Non-Hierarchical Analytical Target Cascading

This library is an interpretation of Non-hierarchical analytical target cascading, as specified by Talgorn and Kokkolaras in their 2017 paper (doi.org/10.1007/s00158-017-1726-0).

The primary objective of this library is to make NHATC as simple as possible to use. Specifically, the main focus is to simplify integration of NHATC into other software using the "dynamic approach" demonstrated in the usage examples below. This approach enables NHATC to be integrated more easily into GUIs, as the sub-systems can be defined "dynamically" without the use of functions.

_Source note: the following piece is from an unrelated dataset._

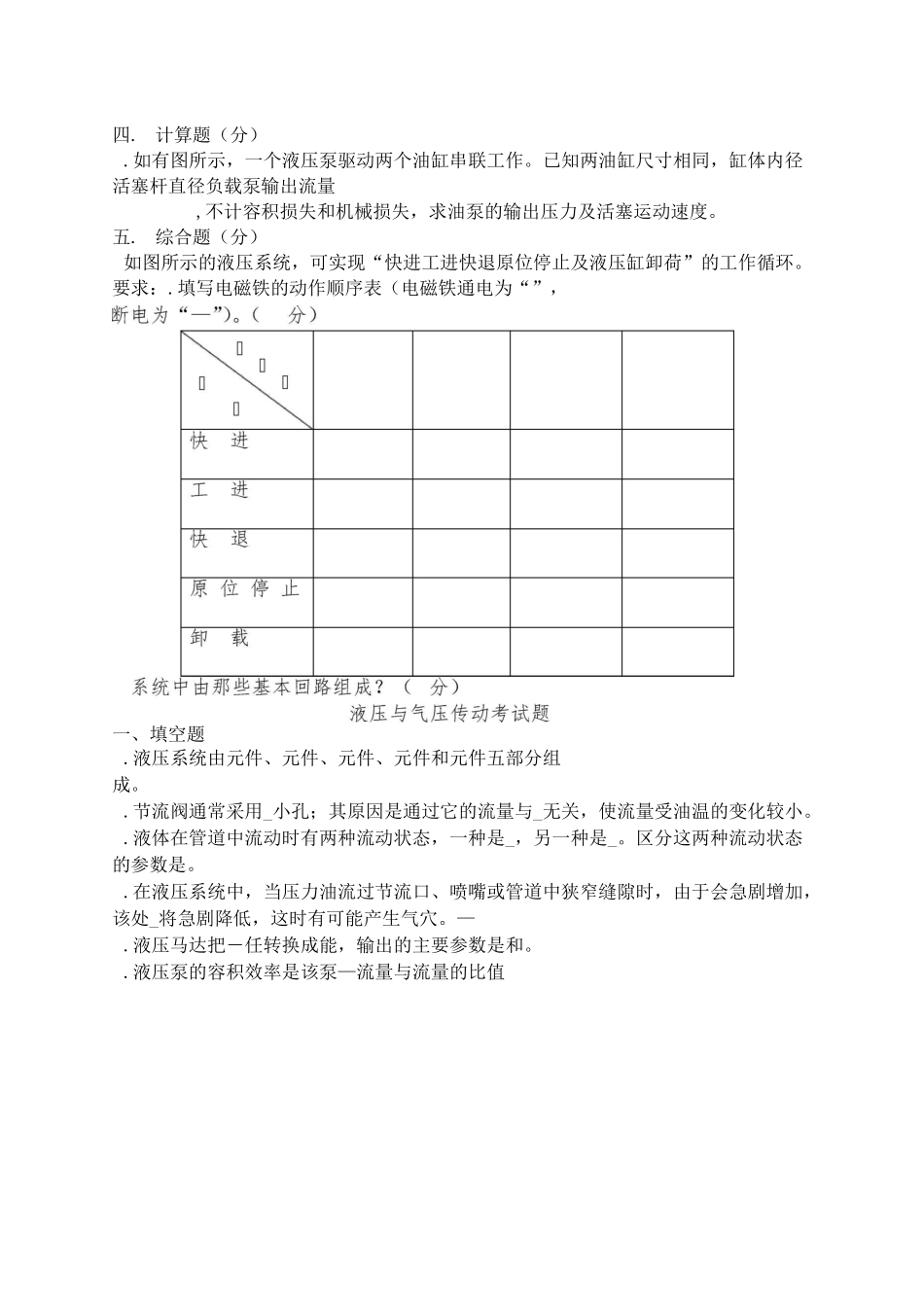 液压与气压传动考试题及答案_第3页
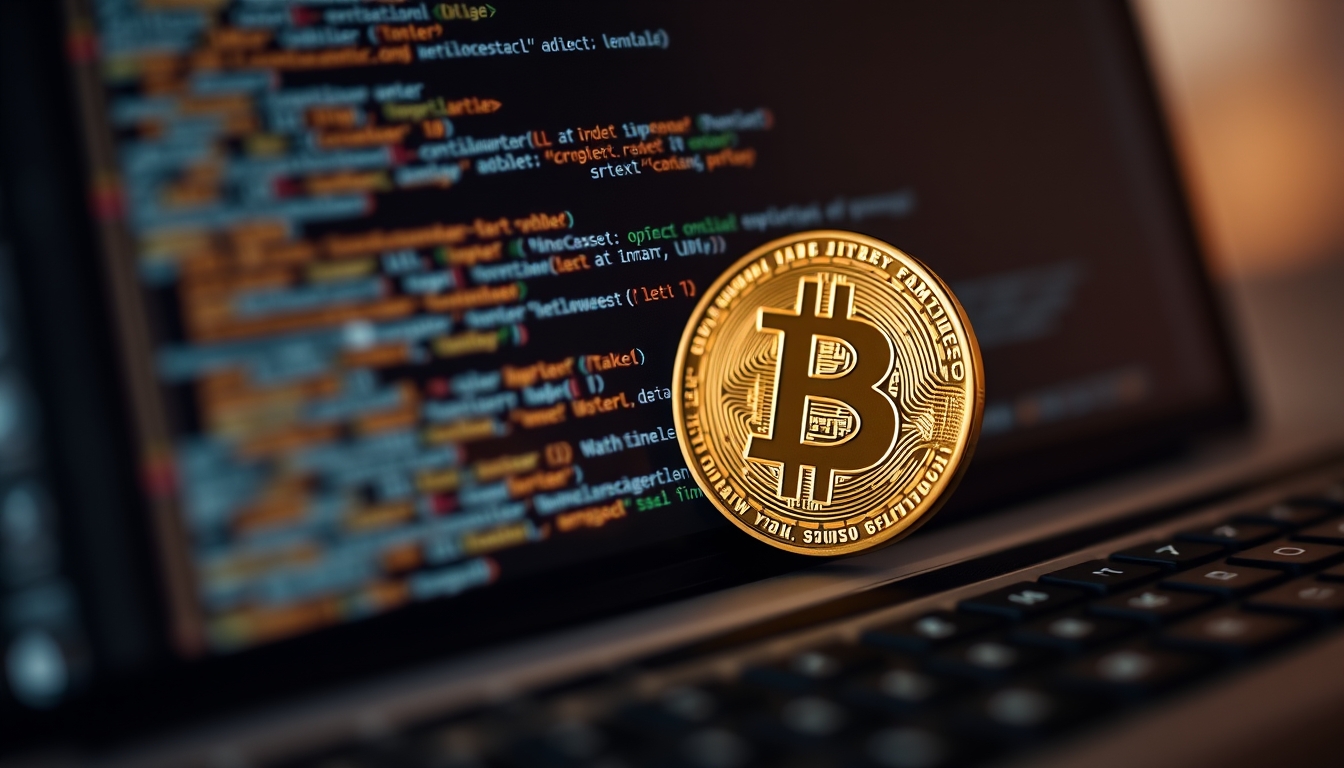 smart contract code on terminal IDE in editorial style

This approach relies on three core technologies:

  • numpy for handling all vectors
  • scipy for objective optimization
  • cexprtk for parsing and evaluating user-defined mathematical expressions (dynamic approach only)

Usage

The library can either be used programmatically. For instance, you may be using jupyter to set up and configure your optimization problem. Or, you can use the library dynamically, which is better suited for when the input is non-static: i.e., when the input is controlled through a GUI.

Dynamic example

from nhatc import ATCVariable, Coordinator, DynamicSubProblem

# Instantiate coordinator and variables
coordinator = Coordinator(verbose=True)     # Verbose -> outputs progress
coordinator.set_variables([
    ATCVariable('a1', 0, 0, True, [3], 0, 10),
    ATCVariable('b1', 1, 0, False, [4], 0, 10),
    ATCVariable('w1', 2, 0, False, [5], 0, 10),
    ATCVariable('a2', 3, 1, False, [0], 0, 10),
    ATCVariable('b2', 4, 1, True, [1], 0, 10),
    ATCVariable('w2', 5, 1, False, [2], 0, 10),
])

# Setup sub-problem 1
spi_1 = DynamicSubProblem()
# Sub problem index which are references in the aforementioned coordinator variables 
spi_1.index = 0
# Configure mathematical scope of the sub-problem
spi_1.variables = {'b': 1, 'w': 2}
# Define variables that are coupled with other sub-problems using previously defined variables
spi_1.couplings = {'a': 'w + (1/(b^2))'}
# Define the main objective function
spi_1.obj = "(a + b) / w"

# Setup sub-problem 2
spi_2 = DynamicSubProblem()
spi_2.index = 1
# In ATC, there typically only exists one objective function. 
# Consequently, the objectives of all other sub-systems are normally "0"
spi_2.obj = "0" 
spi_2.variables = {'a': 3, 'w': 5}
spi_2.couplings = {'b': '(a/2) * w'}
spi_2.inequality_constraints.append('3 - ( b + w )')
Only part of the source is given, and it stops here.